START ENTRIES SUPPLIED

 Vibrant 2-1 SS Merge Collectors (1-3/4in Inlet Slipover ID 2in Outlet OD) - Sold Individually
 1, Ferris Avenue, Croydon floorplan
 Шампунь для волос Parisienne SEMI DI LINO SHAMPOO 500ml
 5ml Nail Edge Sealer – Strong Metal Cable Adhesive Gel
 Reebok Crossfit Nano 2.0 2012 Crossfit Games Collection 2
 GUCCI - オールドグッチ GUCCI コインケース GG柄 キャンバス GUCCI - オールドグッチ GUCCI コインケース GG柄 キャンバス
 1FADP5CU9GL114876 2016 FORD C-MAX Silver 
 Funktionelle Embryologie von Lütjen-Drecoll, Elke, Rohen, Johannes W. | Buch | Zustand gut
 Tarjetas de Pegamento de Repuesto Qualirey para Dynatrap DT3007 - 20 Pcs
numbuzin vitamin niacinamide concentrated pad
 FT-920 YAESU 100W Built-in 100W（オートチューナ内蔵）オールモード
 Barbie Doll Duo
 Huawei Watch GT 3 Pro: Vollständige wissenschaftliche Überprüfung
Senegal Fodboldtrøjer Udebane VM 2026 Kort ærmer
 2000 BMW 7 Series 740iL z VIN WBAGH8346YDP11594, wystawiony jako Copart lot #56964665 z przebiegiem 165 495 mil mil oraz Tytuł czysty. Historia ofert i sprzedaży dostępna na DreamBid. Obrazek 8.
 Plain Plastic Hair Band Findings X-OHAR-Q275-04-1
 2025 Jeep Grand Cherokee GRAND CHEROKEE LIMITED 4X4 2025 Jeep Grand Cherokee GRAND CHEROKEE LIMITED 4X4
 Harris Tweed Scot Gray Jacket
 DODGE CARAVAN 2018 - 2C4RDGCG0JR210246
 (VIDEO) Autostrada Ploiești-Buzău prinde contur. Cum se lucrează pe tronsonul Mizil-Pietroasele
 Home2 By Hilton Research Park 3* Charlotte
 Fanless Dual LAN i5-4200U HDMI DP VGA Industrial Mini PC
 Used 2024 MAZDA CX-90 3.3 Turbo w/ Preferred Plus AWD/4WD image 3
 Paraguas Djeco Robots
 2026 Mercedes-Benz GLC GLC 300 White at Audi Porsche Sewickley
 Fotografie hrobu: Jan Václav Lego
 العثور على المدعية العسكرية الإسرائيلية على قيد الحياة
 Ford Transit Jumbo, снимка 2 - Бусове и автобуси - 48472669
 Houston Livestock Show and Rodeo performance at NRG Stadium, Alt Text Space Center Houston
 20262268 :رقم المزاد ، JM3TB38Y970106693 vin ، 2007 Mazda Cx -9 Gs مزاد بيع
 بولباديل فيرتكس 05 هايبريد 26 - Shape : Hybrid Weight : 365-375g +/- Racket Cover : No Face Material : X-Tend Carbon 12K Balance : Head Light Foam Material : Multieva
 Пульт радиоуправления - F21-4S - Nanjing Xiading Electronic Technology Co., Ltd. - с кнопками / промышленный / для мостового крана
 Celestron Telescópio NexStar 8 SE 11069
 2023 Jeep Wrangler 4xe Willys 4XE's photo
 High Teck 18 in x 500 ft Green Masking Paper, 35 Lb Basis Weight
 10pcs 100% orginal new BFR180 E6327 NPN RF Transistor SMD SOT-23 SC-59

END ENTRIES SUPPLIED

The lines above from the one containing "Шампунь для волос" through the one containing "2025 Jeep Grand Cherokee GRAND CHEROKEE LIMITED 4X4 2025" are to be set down exactly, and no others.

» **WRITTEN SOLUTION**
 Шампунь для волос Parisienne SEMI DI LINO SHAMPOO 500ml
 5ml Nail Edge Sealer – Strong Metal Cable Adhesive Gel
 Reebok Crossfit Nano 2.0 2012 Crossfit Games Collection 2
 GUCCI - オールドグッチ GUCCI コインケース GG柄 キャンバス GUCCI - オールドグッチ GUCCI コインケース GG柄 キャンバス
 1FADP5CU9GL114876 2016 FORD C-MAX Silver 
 Funktionelle Embryologie von Lütjen-Drecoll, Elke, Rohen, Johannes W. | Buch | Zustand gut
 Tarjetas de Pegamento de Repuesto Qualirey para Dynatrap DT3007 - 20 Pcs
numbuzin vitamin niacinamide concentrated pad
 FT-920 YAESU 100W Built-in 100W（オートチューナ内蔵）オールモード
 Barbie Doll Duo
 Huawei Watch GT 3 Pro: Vollständige wissenschaftliche Überprüfung
Senegal Fodboldtrøjer Udebane VM 2026 Kort ærmer
 2000 BMW 7 Series 740iL z VIN WBAGH8346YDP11594, wystawiony jako Copart lot #56964665 z przebiegiem 165 495 mil mil oraz Tytuł czysty. Historia ofert i sprzedaży dostępna na DreamBid. Obrazek 8.
 Plain Plastic Hair Band Findings X-OHAR-Q275-04-1
 2025 Jeep Grand Cherokee GRAND CHEROKEE LIMITED 4X4 2025 Jeep Grand Cherokee GRAND CHEROKEE LIMITED 4X4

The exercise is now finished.